:: Records shown

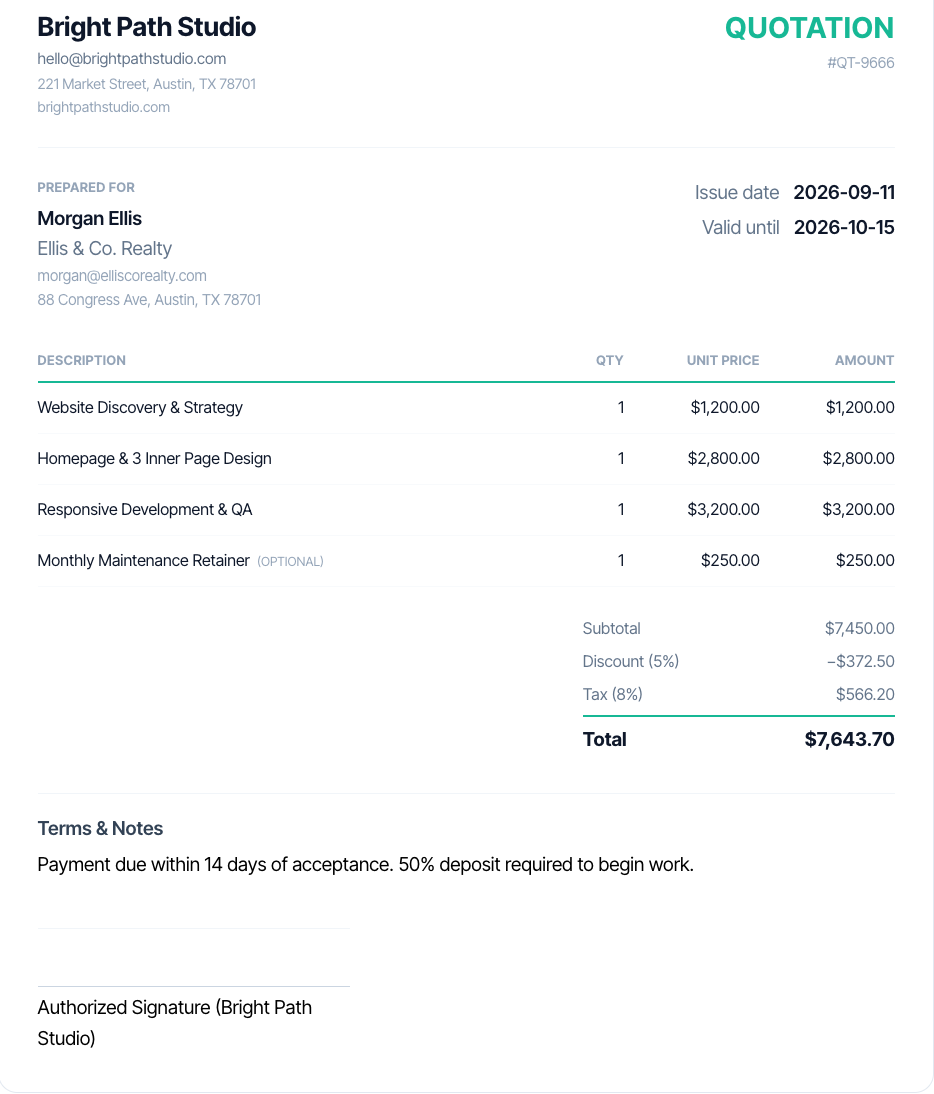 Example quotation generated by Taskip's free quotation generator, showing itemized line items, subtotal, discount, tax, and total for a website design project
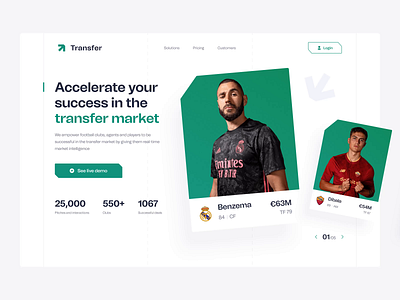 UX/UI design of the website for the football transfer market animation club football landing page league match player rating score site soccer sport statistics team transfer management transfer market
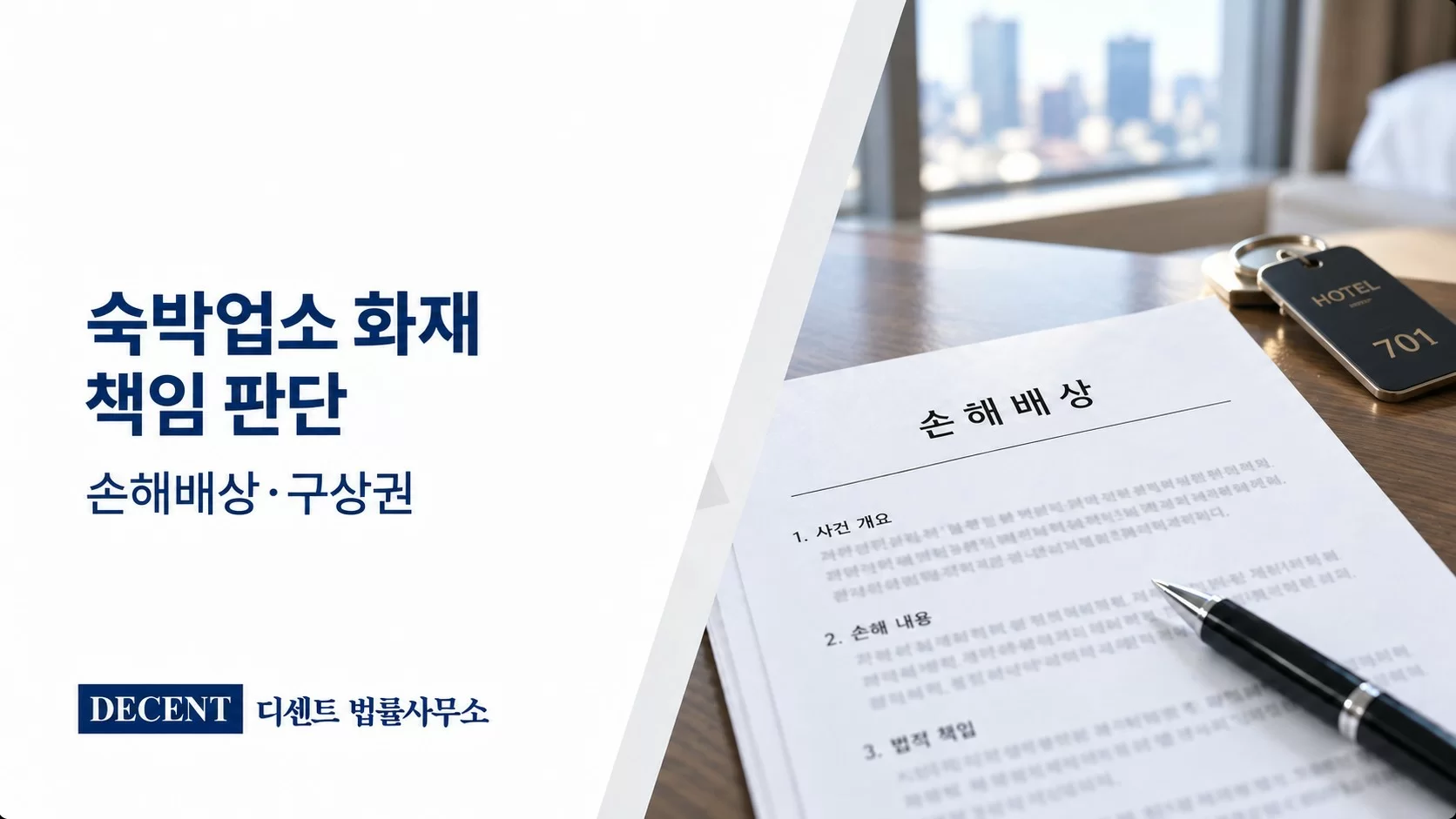 숙박업소 화재 발생 시 손해배상과 구상권 책임을 안내하는 법률 칼럼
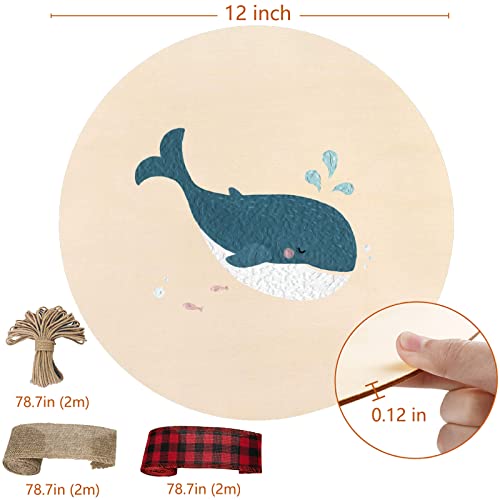 Wood Circles for Crafts, 12 Pack 12 Inch Unfinished Wood Rounds Wooden Cutouts for Crafts, Wood Slices for Painting, Door Hanger, Door Design, LRAERZ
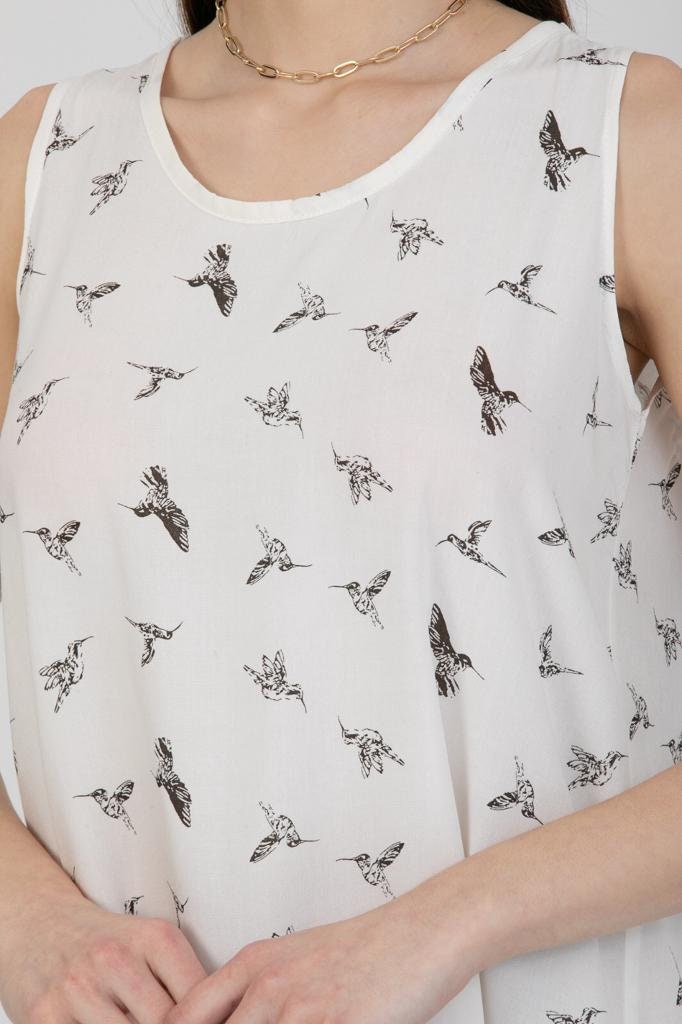 Lightweight Bird Print Shift Dress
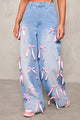 Arolora Bow Ribbon High Rise Jeans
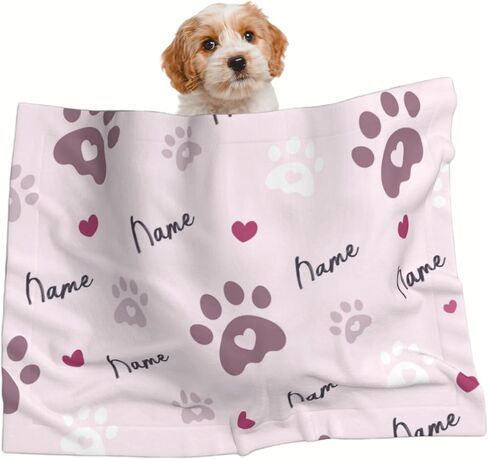 بطانية الكلب المخصصة ، هدايا مخصصة لكلاب الجرو Cat مع Pet Name Paws Pattern Print Ultra Doothing Doots Dots Fabric Double Layer Banket لمحبي الحيوانات الأليفة - بطانية مخصصة للحيوانات الأليفة ، الخزامى in Kuwait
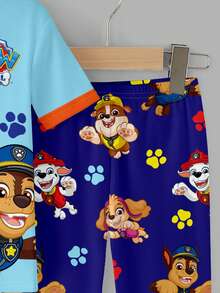SHEIN | PAW Patrol 小男孩圓領卡通印花短袖上衣與長褲休閒日常居家睡衣套裝 - 彩色 - 查看 6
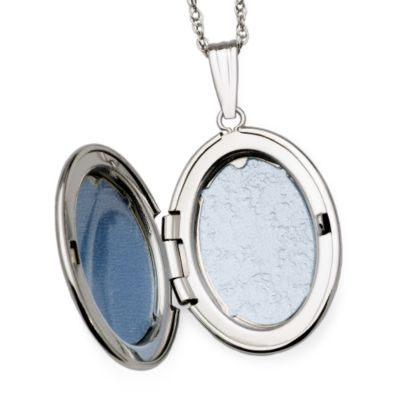Diamond Accent Oval Locket In 14kt White Gold 18" &mdash; Alt Image 2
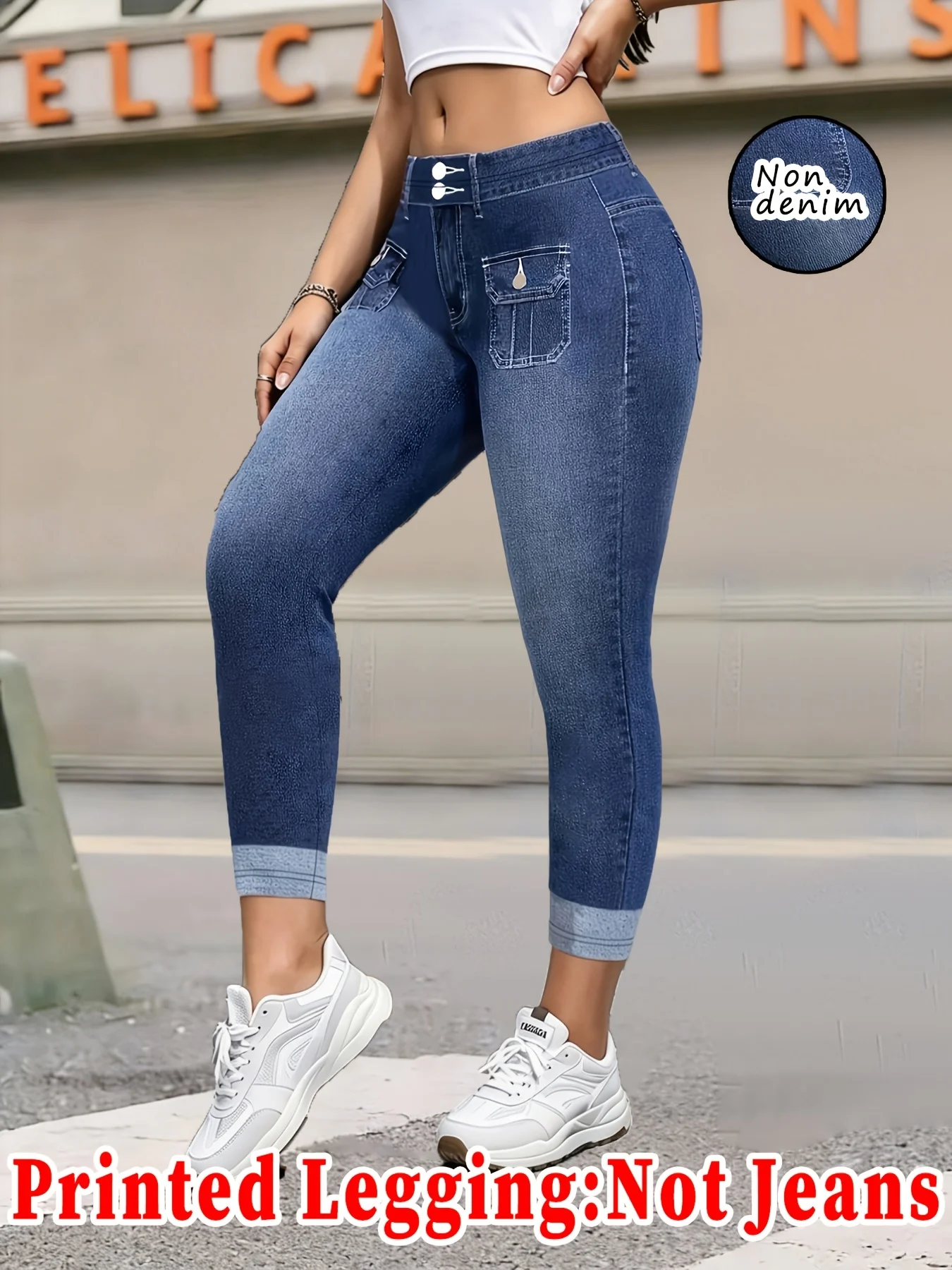 Damen High-Waist Faux-Denim Lange Leggings mit Doppelknopftasche, Schlanke Yoga-Hose, Keine Echte Jeans – Detail 3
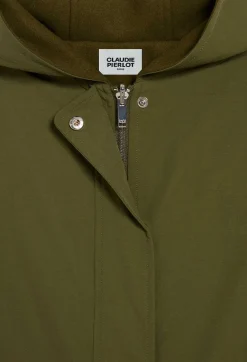 Online Khaki Reversible Hooded Parka Women Jackets And Coats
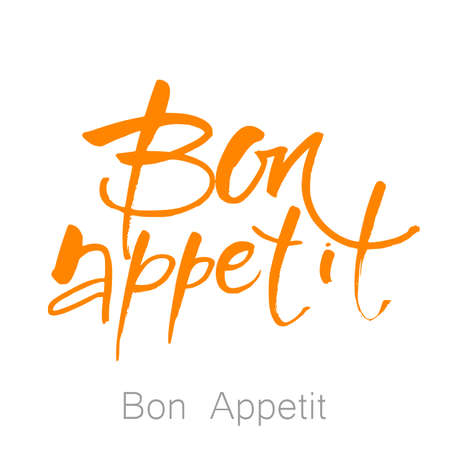 Bon Appetit handmade vector calligraphy.のイラスト素材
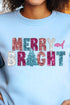 Faux Sequin Merry And Bright Transfer Unisex NuBlend Crew Sweatshirt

::::

● **What is expected**: Please set down, exactly and with no pictures, the lines in the entries above starting at the one holding "UX/UI design of" and ending at the one holding "SHEIN | PAW", ends included.

● **Task response**:
 UX/UI design of the website for the football transfer market animation club football landing page league match player rating score site soccer sport statistics team transfer management transfer market
 숙박업소 화재 발생 시 손해배상과 구상권 책임을 안내하는 법률 칼럼
 Wood Circles for Crafts, 12 Pack 12 Inch Unfinished Wood Rounds Wooden Cutouts for Crafts, Wood Slices for Painting, Door Hanger, Door Design, LRAERZ
 Lightweight Bird Print Shift Dress
 Arolora Bow Ribbon High Rise Jeans
 بطانية الكلب المخصصة ، هدايا مخصصة لكلاب الجرو Cat مع Pet Name Paws Pattern Print Ultra Doothing Doots Dots Fabric Double Layer Banket لمحبي الحيوانات الأليفة - بطانية مخصصة للحيوانات الأليفة ، الخزامى in Kuwait
SHEIN | PAW Patrol 小男孩圓領卡通印花短袖上衣與長褲休閒日常居家睡衣套裝 - 彩色 - 查看 6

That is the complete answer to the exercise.